Tuesday, May 15, 2012

Study disputes EU oil sands emission numbers

The province is spreading a study done by Jacobs Consultancy Canada that finds that the EU has overestimated oil sands emissions and underestimated those from other European sources of crude.

The EU suggests oil sands emit 22% more carbon than other sources. The paper credits newer, more efficient oil sands extraction and upgrading technology allowing oil sands gasoline to be as little as 7% more carbon intensive than gasoline from other sources in Europe and 12% on average. The paper states oil sands products could emit less carbon overall than some crudes from countries that vent a lot of gas, namely Russia and Nigeria.

Apparently the report is not released to the public (yet) so the Herald article will have to do.

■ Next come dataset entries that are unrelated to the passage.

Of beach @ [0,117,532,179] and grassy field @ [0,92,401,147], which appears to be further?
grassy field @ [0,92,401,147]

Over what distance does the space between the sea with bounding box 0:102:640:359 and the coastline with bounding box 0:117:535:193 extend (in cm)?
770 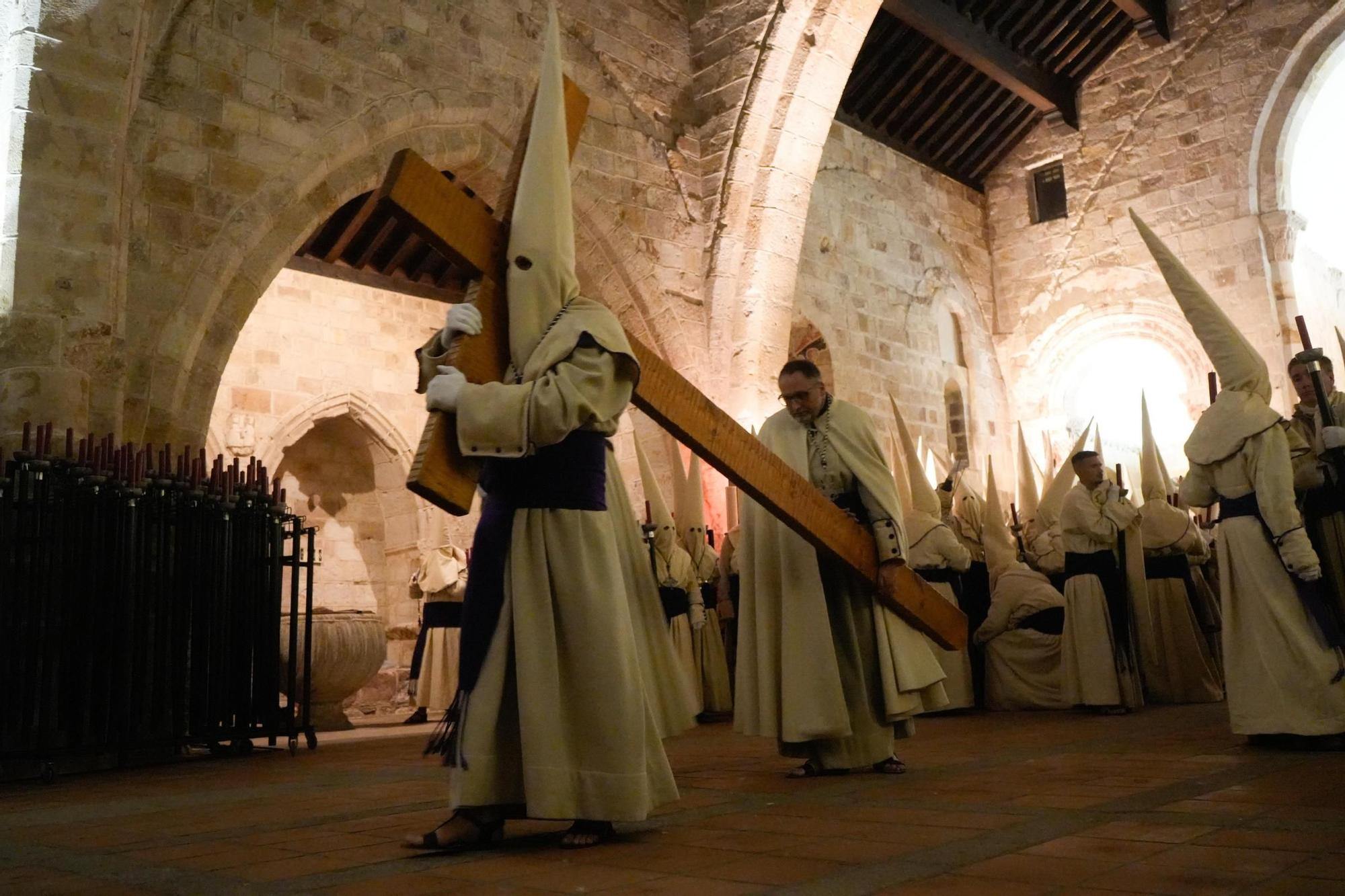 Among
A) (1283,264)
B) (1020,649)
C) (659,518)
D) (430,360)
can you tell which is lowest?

UPDATE: Here's another article on the subject with more discussion on the politics behind the report. It's got an interesting bit about how the Canadian environmental minister, Peter Kent, was pushing the ethical oil message along the lines of "it may be dirty oil, but at least it’s not bloody oil", while the new natural resource minister, Joe Oliver, has backed off of this, instead focusing on economic benefits from the oil sands.

Personally, I think the ethical oil argument is a pretty good one, but I understand it makes things awkward between the Canadian government and countries that produce purportedly "unethical oil" (ahem, Saudi Arabia, Nigeria, Russia, Iran and so on).